(REQUIRED WORK)
Using the data that follows, output only the lines from the line with "Open floor plan" up to and including the line with "a kitchen with", exactly, leaving pictures aside.

*** ENTRIES SHOWN ***

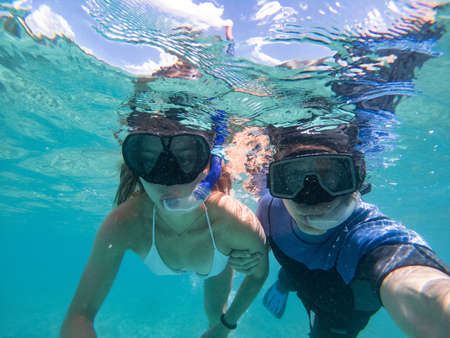 Man and Woman swimming with snorkeling mask. Concept about vacations, snorkeling and nature. Shot taken with underwater cameraの写真素材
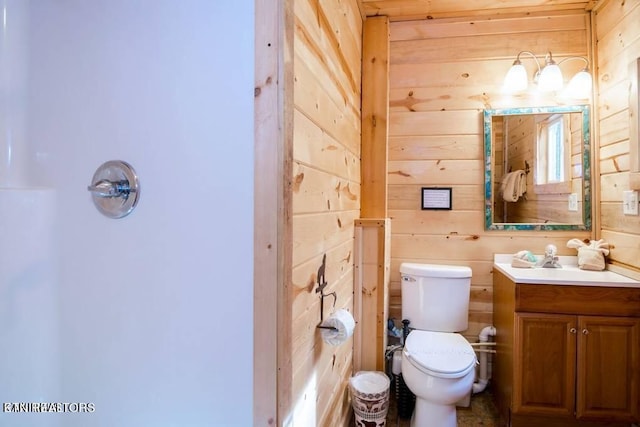 bathroom featuring wood walls, vanity, and toilet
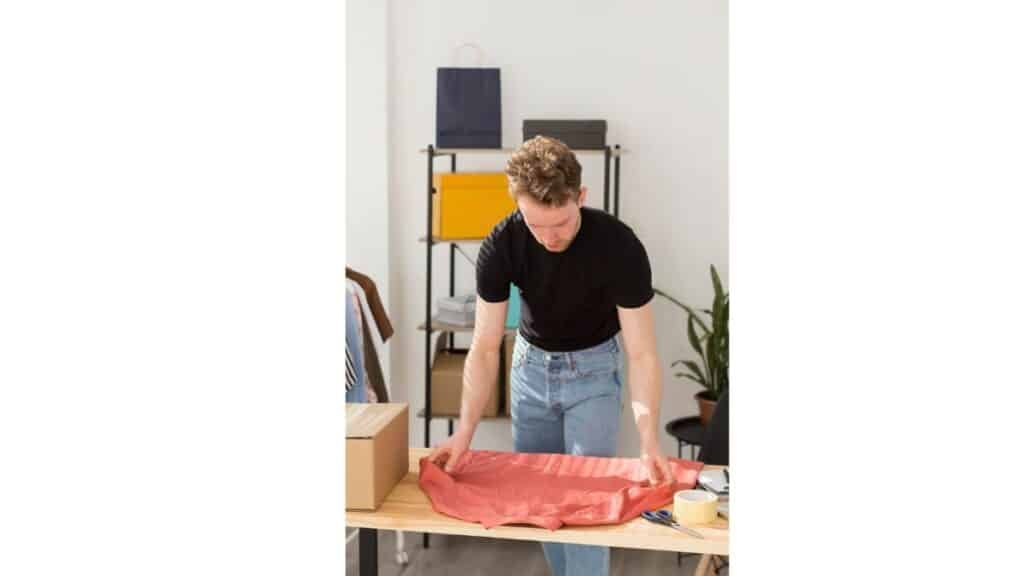 A man standing at a wooden table folding a coral-colored garment, with a cardboard box to his left and crafting supplies like scissors and tape to his right. A shelving unit and potted plant are visible in the background.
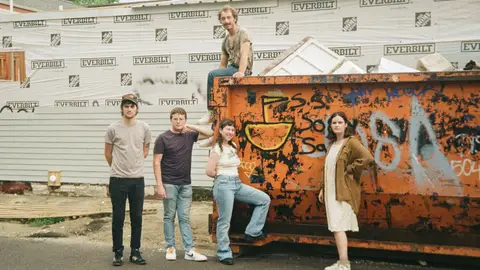 Wednesday pose in front of a graffiti'd dumpster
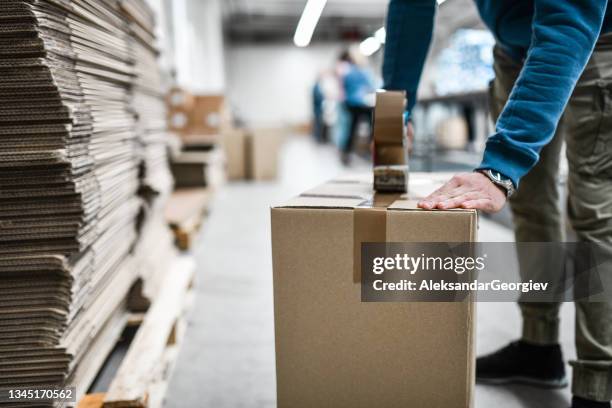 operaio maschio che nastra la scatola di cartone - cardboard box foto e immagini stock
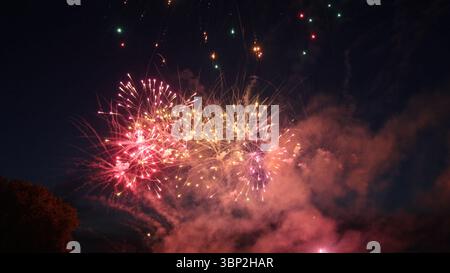 Bright and colorful fireworks exploding against the dark night sky, creating a festive atmosphere during a celebration Stock Photo
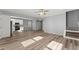 Open floor plan showcasing hardwood floors and a combined living room, kitchen, and dining area at 3170 Old Hwy 92 Dr, Acworth, GA 30102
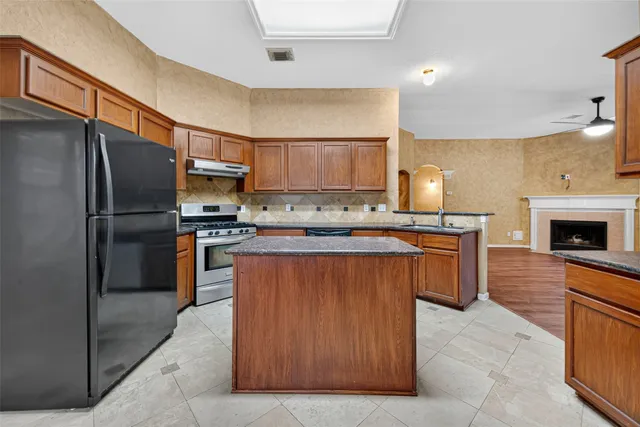 a kitchen with stainless steel appliances granite countertop a stove a sink a refrigerator and a microwave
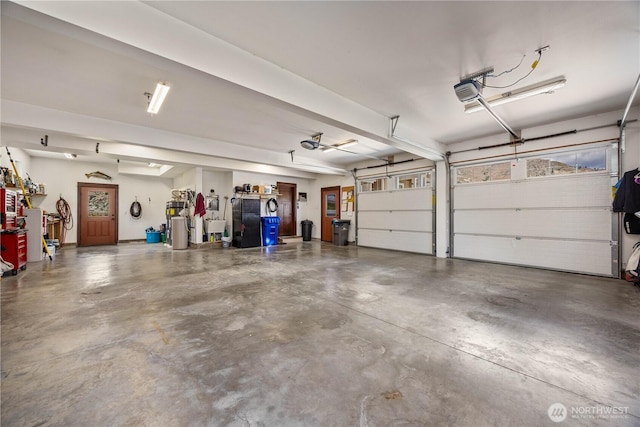 35 N Shore Dr, Orondo, WA 98843 - garage with freestanding refrigerator and a garage door opener
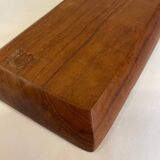 Teak pocket emptier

*** End of ENTRIES SHOWN ***

(RESULT OF THE TASK)
 Open floor plan showcasing hardwood floors and a combined living room, kitchen, and dining area at 3170 Old Hwy 92 Dr, Acworth, GA 30102
 a kitchen with stainless steel appliances granite countertop a stove a sink a refrigerator and a microwave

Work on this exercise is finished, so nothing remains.